Looking back at my angling in 2012 there have been many less than productive periods along with times when everything has gone to plan. One thing that has been consistent throughout the year though is that I have enjoyed my fishing, which is, to me, what it’s all about.
The earlier part of the year was spent on Dinton Pastures. I’d had my best ever season on there and, although slow, had enjoyed the winter. With it being such a mild winter the Carp awoke from their torpid state earlier than usual towards the end of February. With it being show season I didn’t manage to fish quite as much as I’d have liked. Working weekends in Essex, Coventry, Farnborough and in Holland at the Zwolle show meant that some of my angling time had to be spent at home.
I enjoyed some success between then and the culmination of the season at the end of March. Pop-ups fished amongst a scattering of between 30 and 100 14mm Cell freebies just seemed to keep the bites coming on a regular basis so there was no call for a change of tactics. The venue was still extremely weedy, as there hadn’t been a great deal of cold weather to knock it back. Despite this I was pretty lucky and only lost one fish but managed to land six during the month. The pick of the bunch were Paw Print at 39lb 7oz and, at a little over 36lb, Son of Triple Row.
Angling time was at a premium during the spring as work took precedence and I didn’t do much fishing at all. I managed to get out a couple of times though. I enjoyed a trip to Manor Farm on Linear’s Oxfordshire Complex to shoot some videos with Mainline Baits in terrible weather. Well, not bad fishing weather but terrible from a filming point of view. The next trip was with the Greys & Chub Academy at Kingfisher Lake in Lyng, Norfolk filming for some video footage for The Session and our YouTube channels.
Whilst both of these sessions were enjoyable I was keen to get on with some of my own angling. Having decided to pull off Dinton I had joined a number of clubs and so had an awful lot of venues where I could angle. I fished a couple of these waters but really wanted a target fish to go after and finally settled on a venue Near the New Forest. I really did enjoy fishing this lake but the presence of Otters on the lake niggled me. The water is heavily coloured so spotting the one fish that I really wanted to catch was next to impossible. The last capture I was aware of was the previous November, which was surprising for a six times a year fish.
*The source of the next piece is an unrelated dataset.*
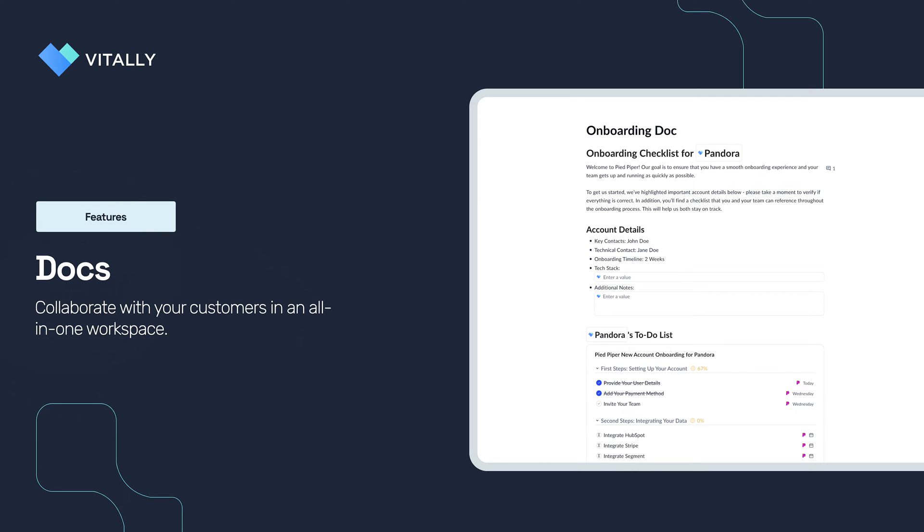Docs are a powerful collaboration tool for customer success teams to work directly with their customers within Vitally. What makes Docs so different from other collaboration tools is that each Doc is powered by the unique data points within the Vitally platform. That includes everything integrated and synced from your tech stack, as well as the data that your team collects and uses to drive customer experiences.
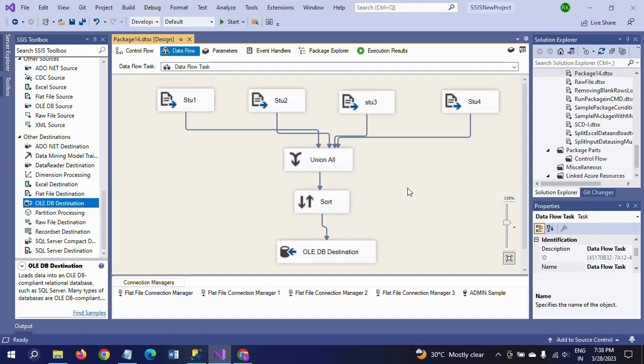Hope this video helps to understand how to remove the duplicates from multiple sources and load it into the destination. Thanks for watching the video, thank you very much.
Although I didn’t feel close to catching the lakes biggun, I caught a few fish. Again, I found success using pop-ups over a wide scattering of bait. There are some lovely looking stockies in the venue and, along with a couple of the older fish I was kept busy and had a great time fishing this really interestingly featured lake. I decided to give it my best though as I thought there was every chance that it had been killed by the Otters. I’ve subsequently been informed of two captures so I was mistaken there so I plan to have another go for this cracking Carp soon. There aren’t that many really big Carp around that are as scaly as this one and I would like to catch it.
My next stop was another club lake in the south. From the moment I stepped onto its banks I felt comfortable and wanted to spend some time fishing it. I could see at first glance that it was my type of venue as the amount of weed was apparent immediately. There’s always something exciting about the first session on a new venue and this was no exception. I opened my account on my second night after a move landed me with a 31 pounder.
The next few trips all brought bites and fish on the bank. The very same tactics as I had used on Dinton and the New Forest were working well. On several occasions I caught following a move and it all seemed to be falling into place. Not only was I catching regularly but I was getting amongst the bigger fish with a couple of 38 pounders and a couple of other 30’s. The lake holds a variety of strains from several stockings over the years, including some very old fish.
I suffered a couple of blanks during October. On the second one the weather was really rough but I did manage to get on some fish for my last night. I went into the same swim on the next trip in, again severe southerly winds. Following the two blanks I had decided to put a little less bait over two of the rods and keep one with ½ kilo, as I felt that the Carp were maybe beginning to slow down a little with the onset of winter.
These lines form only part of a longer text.